5.7.3 Equal variances

Equal variances. The variances of the populations are equal

We can use Levene’s test to check homogeneity of variances

\(H_0:\) variances are equal
\(H_1:\) variances are not equal

library(car)

Loading required package: carData

leveneTest(weight ~ group, data = d)

Levene's Test for Homogeneity of Variance (center = median)
      Df F value Pr(>F)
group  2  1.1192 0.3412
      27

\(\alpha = 0.05\), test statistic = 1.1192, p-value = 0.3412

p-value \(> \alpha\), we fail to reject the null hypothesis. There is not evidence to suggest that variance across groups is statistically different. Therefore we can assume the homogeneity of variances in the different groups.

A general rule of thumb for equal variances is to compare the largest and smallest sample variances. If the ratio of largest to smallest variance is smaller than 3, then it may be that the assumption is not violated.

5.8 Tukey multiple pairwise-comparisons

In ANOVA, we test whether some of the group means are different. However, if the results are significant, we do not know which pairs of means are different.

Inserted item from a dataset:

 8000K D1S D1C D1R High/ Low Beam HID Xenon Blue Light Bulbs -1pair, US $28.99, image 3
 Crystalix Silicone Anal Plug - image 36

We can perform a Tukey test to perform multiple pairwise-comparisons and determine if the mean difference between specific pairs of group are statistically significant.

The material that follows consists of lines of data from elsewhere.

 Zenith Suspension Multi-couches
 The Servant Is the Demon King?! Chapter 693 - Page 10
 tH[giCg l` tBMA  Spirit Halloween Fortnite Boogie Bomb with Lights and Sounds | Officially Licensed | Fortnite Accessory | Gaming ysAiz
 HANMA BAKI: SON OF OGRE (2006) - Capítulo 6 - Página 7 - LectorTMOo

We can use the function TukeyHSD() (Tukey’s ‘Honest Significant Difference’).

TukeyHSD(res)

  Tukey multiple comparisons of means
    95% family-wise confidence level

Fit: aov(formula = weight ~ group, data = d)

$group
            diff        lwr       upr     p adj
trt1-ctrl -0.371 -1.0622161 0.3202161 0.3908711
trt2-ctrl  0.494 -0.1972161 1.1852161 0.1979960
trt2-trt1  0.865  0.1737839 1.5562161 0.0120064

The output shows the following:

diff is the difference between means of the two groups
lwr, upr are the lower and the upper limits of 95% confidence intervals, respectively
p adj is the p-value after adjustment for multiple comparisons

In this example the output shows that the only significant difference is between group trt2 and trt1 (p-value = 0.012). The confidence interval for trt2 - trt1 does not include 0. So we reject the null hypothesis that there is no difference in group trt2 and trt1 means.

5.9 t tests

ANOVA is used to compare the means of two or more than two populations. The t-test is used to compare the means of two populations.

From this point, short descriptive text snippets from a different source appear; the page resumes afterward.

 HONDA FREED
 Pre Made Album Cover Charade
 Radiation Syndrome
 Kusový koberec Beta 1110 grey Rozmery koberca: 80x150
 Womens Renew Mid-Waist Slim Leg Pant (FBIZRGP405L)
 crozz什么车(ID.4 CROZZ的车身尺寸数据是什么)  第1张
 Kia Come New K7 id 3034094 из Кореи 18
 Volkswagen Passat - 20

When we only have two groups ANOVA and the t-test give the same results.

Example

Suppose we want to test whether the average women’s weight differs from the average men’s weight.

\(H_0: \mu_w = \mu_m\)
\(H_1: \mu_w \neq \mu_m\)

We take a sample with the weights of 18 individuals (9 women and 9 men).

women_weight <- c(41.5, 59.3, 73.3, 69.5, 46.2, 41.5, 26.3, 33.4, 65)
men_weight <- c(65.9, 55.8, 67.5, 65.5, 71.1, 89.1, 58.9, 66.8, 65.2)
d <- data.frame(group = rep(c("Woman", "Man"), each = 9),
                weight = c(women_weight, men_weight))

ANOVA

summary(aov(weight ~ group, data = d))

            Df Sum Sq Mean Sq F value Pr(>F)  
group        1   1247  1246.7    6.81  0.019 *
Residuals   16   2929   183.1                 
---
Signif. codes:  0 '***' 0.001 '**' 0.01 '*' 0.05 '.' 0.1 ' ' 1

The test statistic is F = Between groups variability / Within groups variability = 6.81 \[F = MSB/MSW \sim F(k-1, n-k)\]

The p-value is 0.019 so we reject the null

t-test

We assume that the two samples are drawn from populations with identical population variances. The test statistic is calculated as

\[T = \frac{(\bar X_1 - \bar X_2) - 0}{\sqrt{\frac{S_p^2}{n_1}+\frac{S_p^2}{n_2} }} \sim t(n_1+n_2-2)\]

where \(S_p^2\) is an estimator of the pooled variance of the two groups.

\[S_p^2 = \frac{(n_1-1)S_1^2 + (n_2-1)S_2^2 }{n_1+n_2-2}\]

n1 <- 9
x1 <- mean(women_weight)
s1 <- var(women_weight)

n2 <- 9
x2 <- mean(men_weight)
s2 <- var(men_weight)

sp <- ((n1-1)*s1 + (n2-1)*s2)/(n1+n2-2)

t <- (x1-x2)/sqrt(sp/n1 + sp/n2)
t

[1] -2.609519

The p-value is the probability that observing a test statistic equal to -2.6 or more extreme (in both directions) in the null distribution

df <- min(n1+n2-2)
2*pt(t, df)

[1] 0.01897032

The p-value is 0.019 so we reject the null.

We can also conduct the test with the function t.test() with var.equals = TRUE to treat the two variances as being equal. In this case, the pooled variance is used to estimate the variance.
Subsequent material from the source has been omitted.